Friday, October 13, 2006

On love and error.

The novel that I intend to work on is an old idea of mine. In fact, I started working on it last November, but I was so bogged down with work, anxiety, child-rearing (not to compare my child to a bog), etc. that I just couldn't stick to it. (Hopefully, this year I'm a little more with it, despite the fact that I have even more bogs to contend with.) I actually began toying with the idea years ago, but I never could make much of it.

I'm beginning to think that the reason that I couldn't make heads or tails of it was because I wasn't mature enough to understand the characters.
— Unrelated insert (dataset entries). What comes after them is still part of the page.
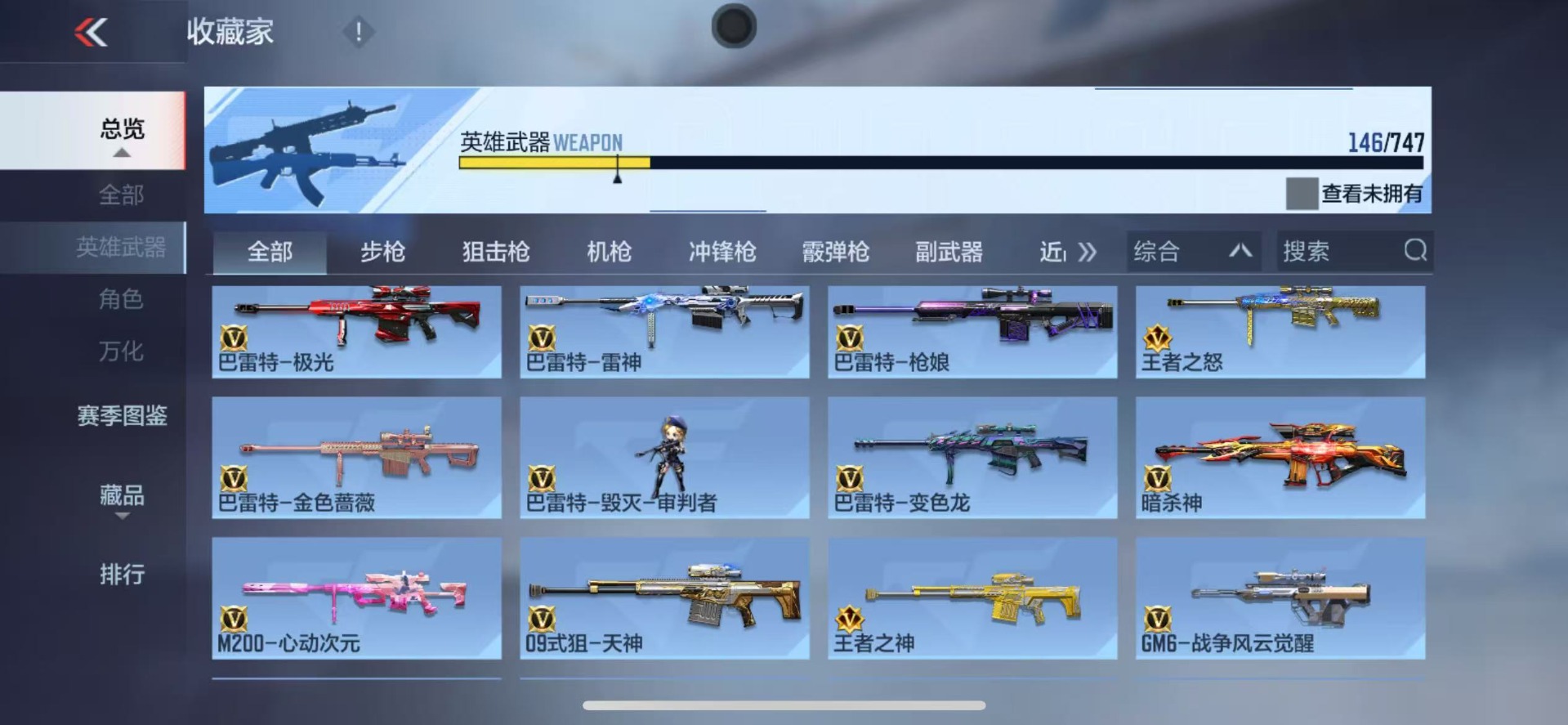 CFMQM48488枪战王者账号详情图11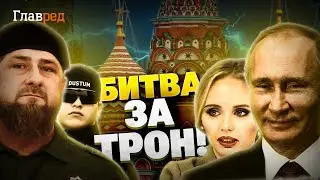 Внимание! Распил Кремля НАЧАЛСЯ! «Детки» Путина и Кадырова у трона!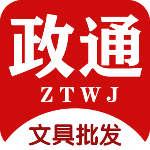 政通文具批发app最新版v3.16.1742手机版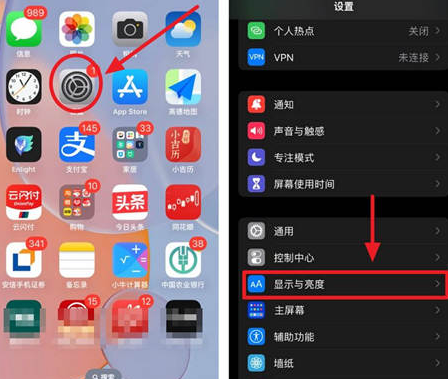 汝州苹果15换屏服务分享iPhone15屏幕常亮怎么办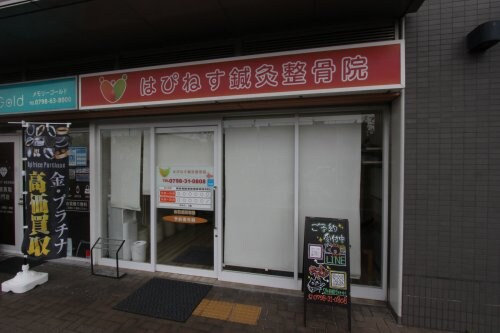 物件内観写真24　(はぴねす鍼灸整骨院 1165m)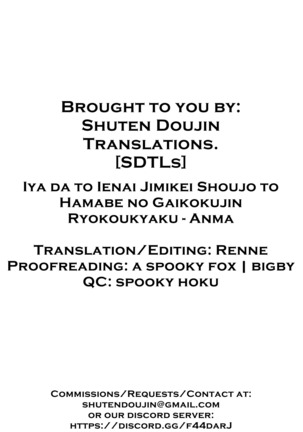 Iya da to Ienai Jimikei Shoujo to Hamabe no Gaikokujin Ryokoukyaku Page #27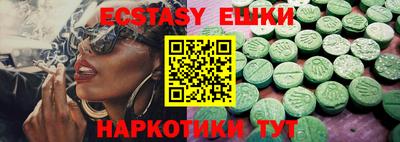 каннабис Дубна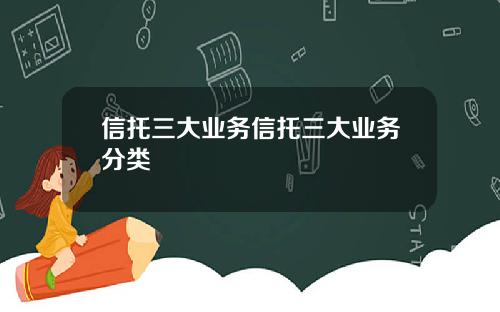 信托三大業務信托三大業務分類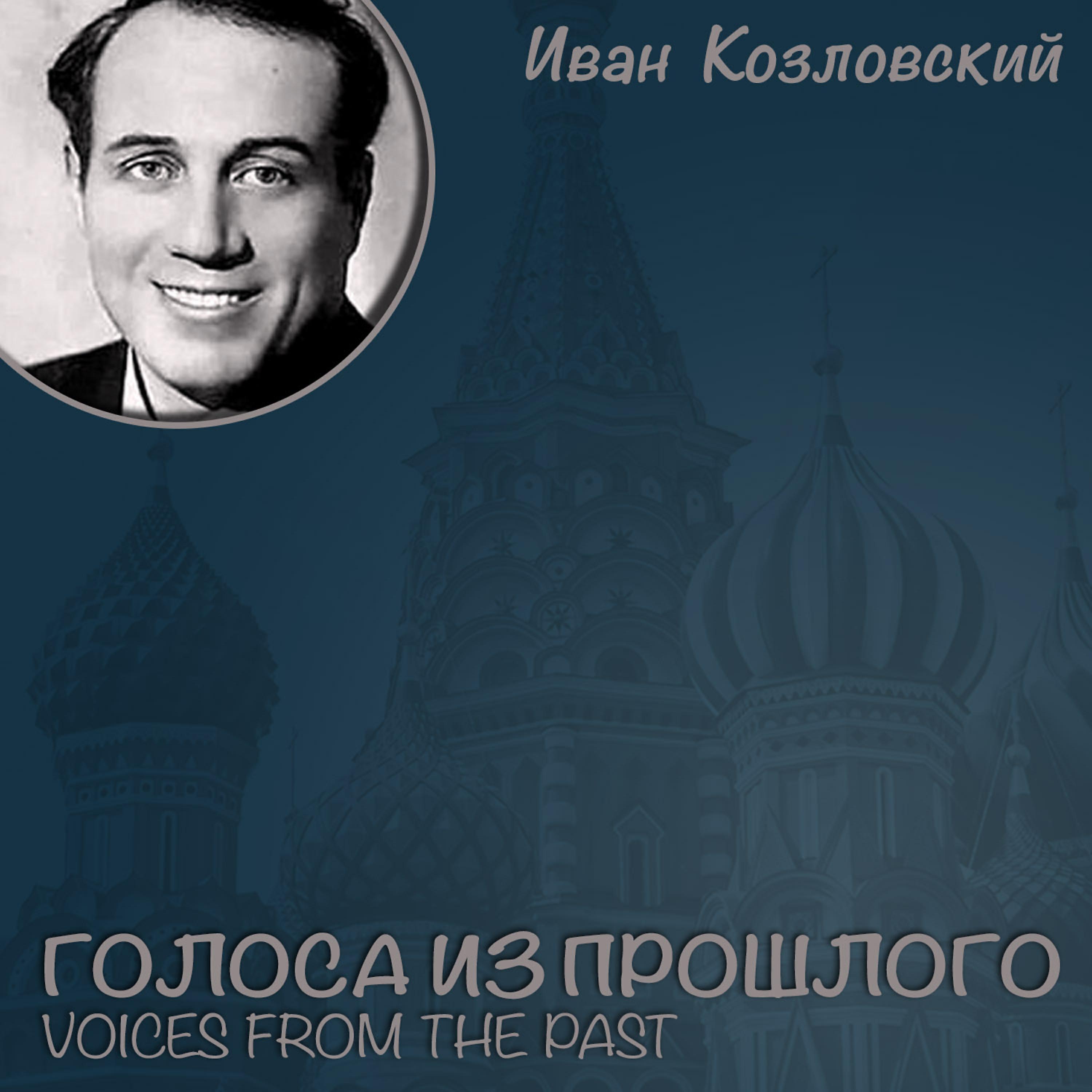 Ива́н Козло́вский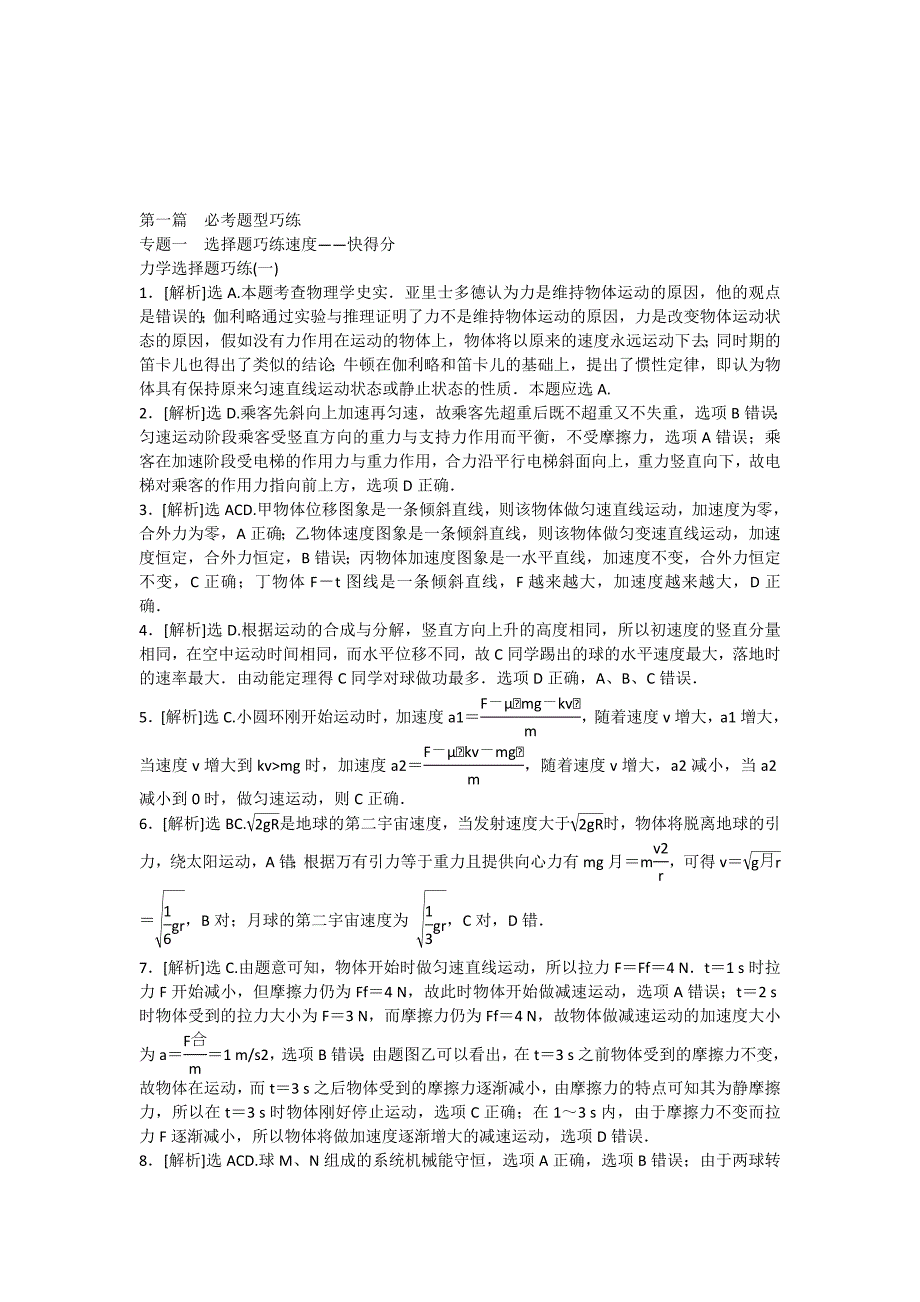 2015届高考物理二轮专题精炼 第一篇专题一力学选择题巧练（一）_第3页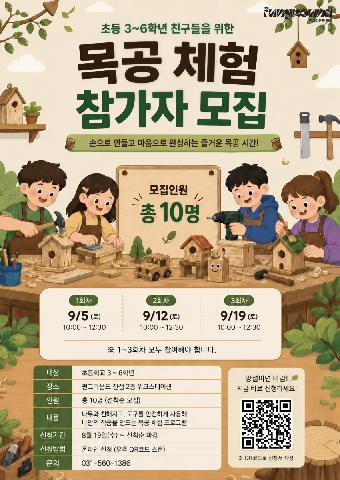 (네이버폼 신청) 목공 체험
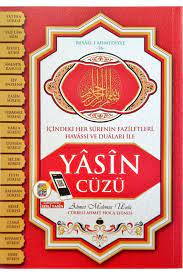 Yasin Cuzu - Ahmet Mahmut Unlu Yayinlari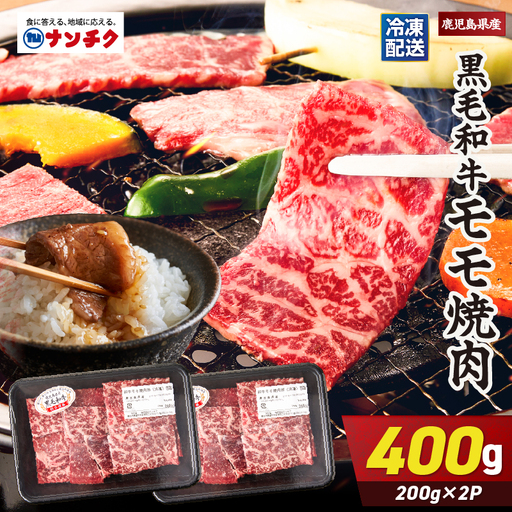 2742 鹿児島県産黒毛和牛モモ焼肉 200g×2P（400g） KN102-005-01 肉 牛肉 冷凍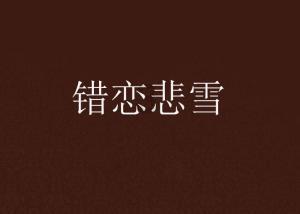 探索超1400万人忍受单程超过60分钟极端通勤,通勤时间太长,是好事坏?——红迪网平台分享与交流社区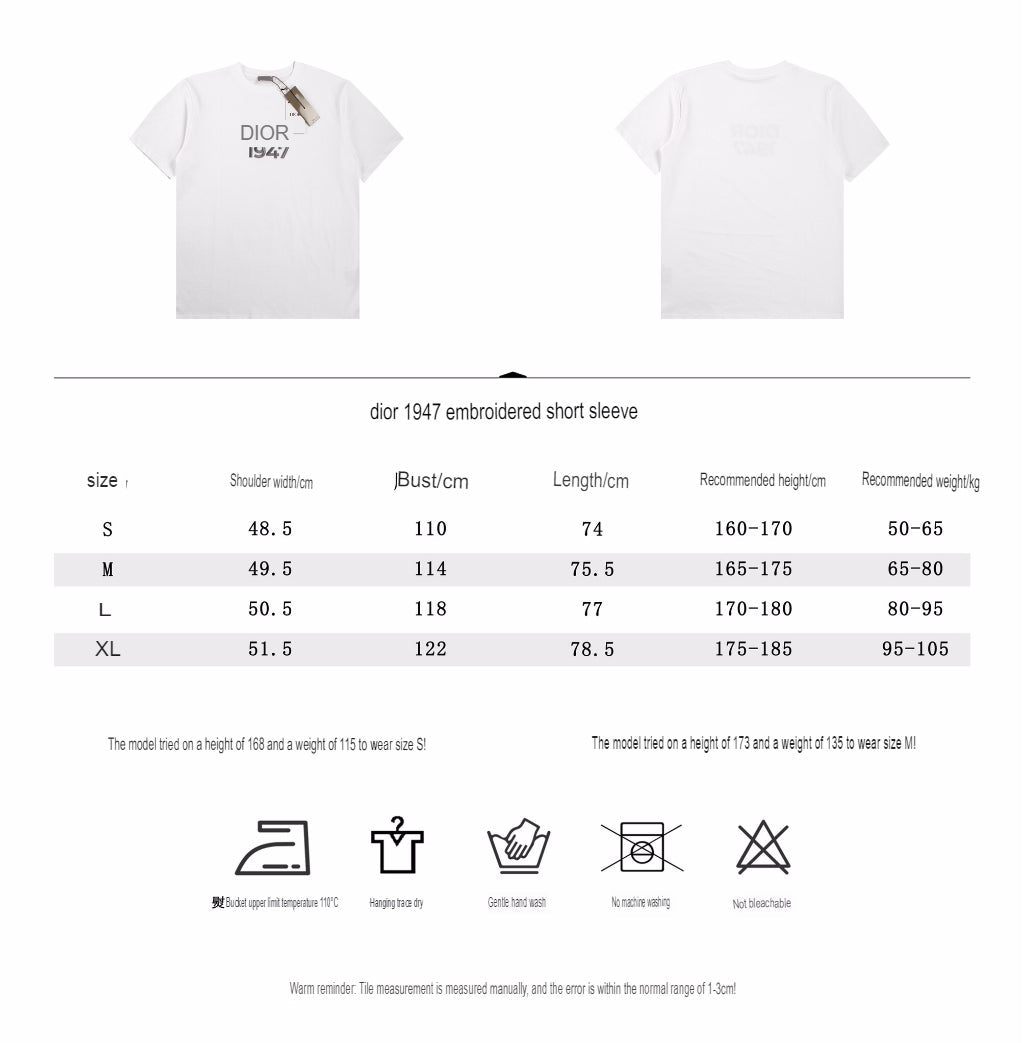 Dior 1947 T-Shirt - White - netstar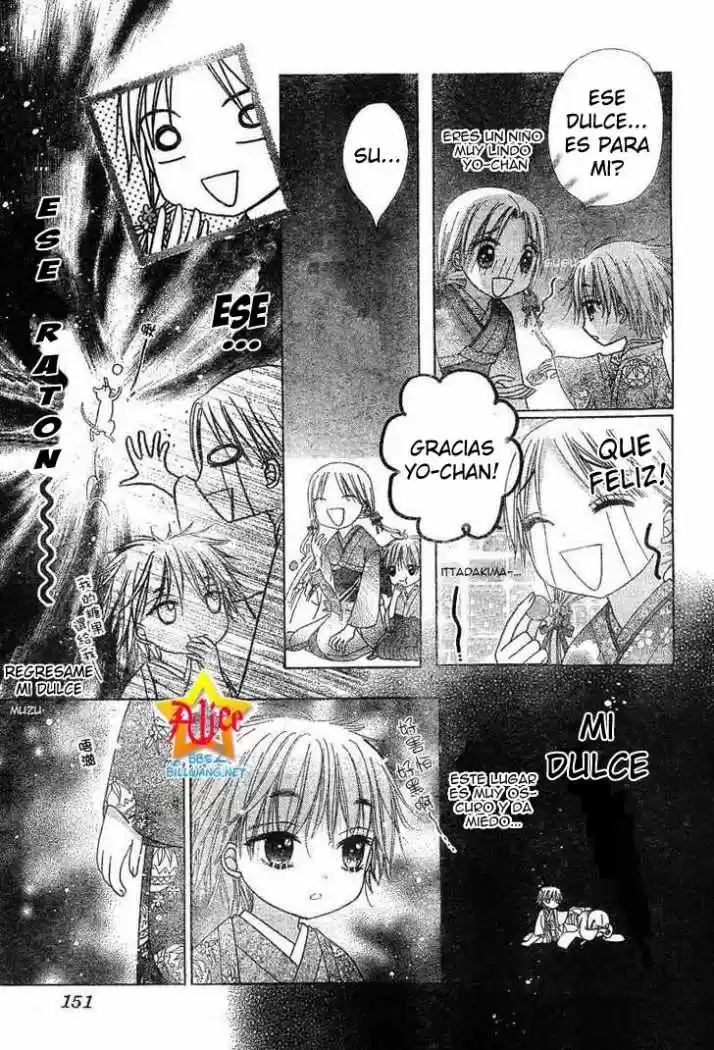 Gakuen Alice - Capítulo 58 - Página 12 - LectorTMOo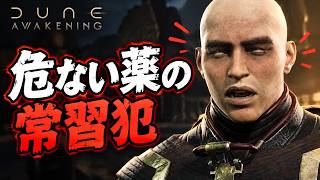 【Dune Awakening】中毒者から情報を聞き出せ！？とんでもないクエストが始まった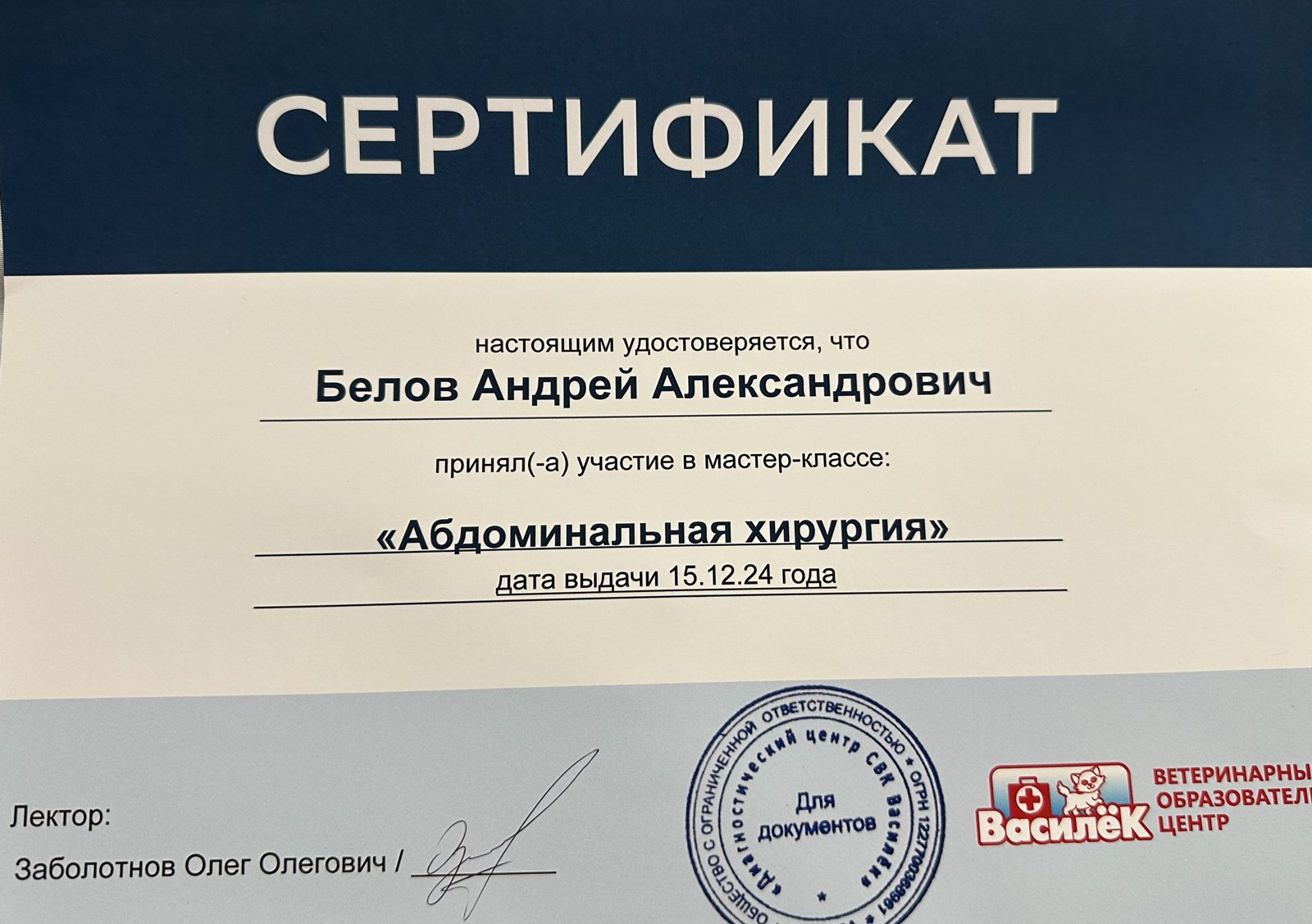 Документ или сертификат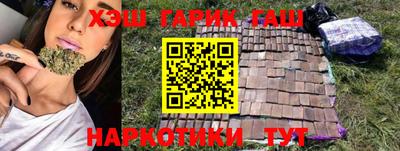 сатива Наро-Фоминск
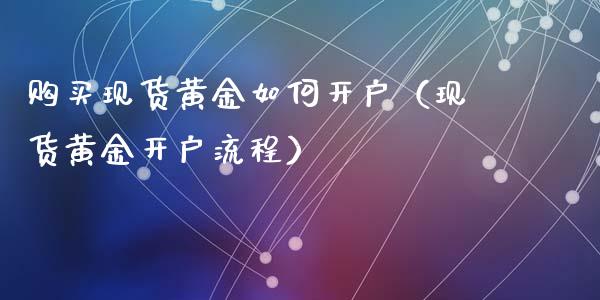 黄金如何（黄金流程）_https://www.liuyiidc.com_黄金期货_第1张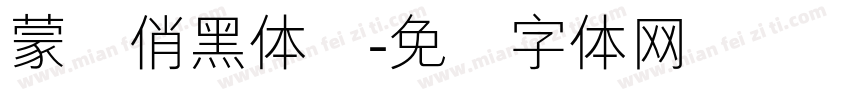 蒙纳俏黑体简字体转换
I wasn't (ok, this is going to sound puerile, but here goes) vulnerable enough to be able to understand their humanity.

For instance, I had always imagined Dempsy to be wickedness with a Doris Day veneer. However, my beliefs stemmed from a deep-rooted distaste for women who remind me of Doris Day. (Oddly, I'm quite fond of old Doris Day films. Go figure.) The idea of women who fix their hair, dim the lights, and start the music when their darlings arrive home from work somehow worked on me like a red flag on a bull. Now, though, I can sympathize with her somewhat. Wouldn't a little innocent love, fidelity, sweetness be a nice thing to have? Is trying to create a soft cushion for addled, old love really that bad?

Augustine, on the other hand, I had always sympathized with because she was a ball-buster and she wouldn't be reined in. However, I've begun to see that even Augustine was a little envious of Dempsy all along. She'd been hurt, and she'd developed a veneer of her own, suits and snide remarks and sarcasm. I liked Augustine because she was self-sufficient, a quality that I was unable to perceive in Dempsy; however, I wonder now if Augustine has ever really been happy being self-sufficient. Maybe she's only just not unhappy, which isn't a great place to be.

And, then again, between the two of them, I realize that I was imagining them as one-dimensional, maybe two-dimensional, characters, having a limited number of possible outcomes and values and emotions. But characters, like real people, are nearly infinite in their possiblities, their neuroses, their potential for error and redemption. Dempsy isn't lacking in self-reliance, but she is aware of a deep-seated need for companionship and community. Augustine, despite her protests, isn't entirely self-sufficient, nor should she want to be, though she does want it very badly.

The question that I most want to consider now is: After all of the errors and miscalculations, can a person have redemption just because she wants it?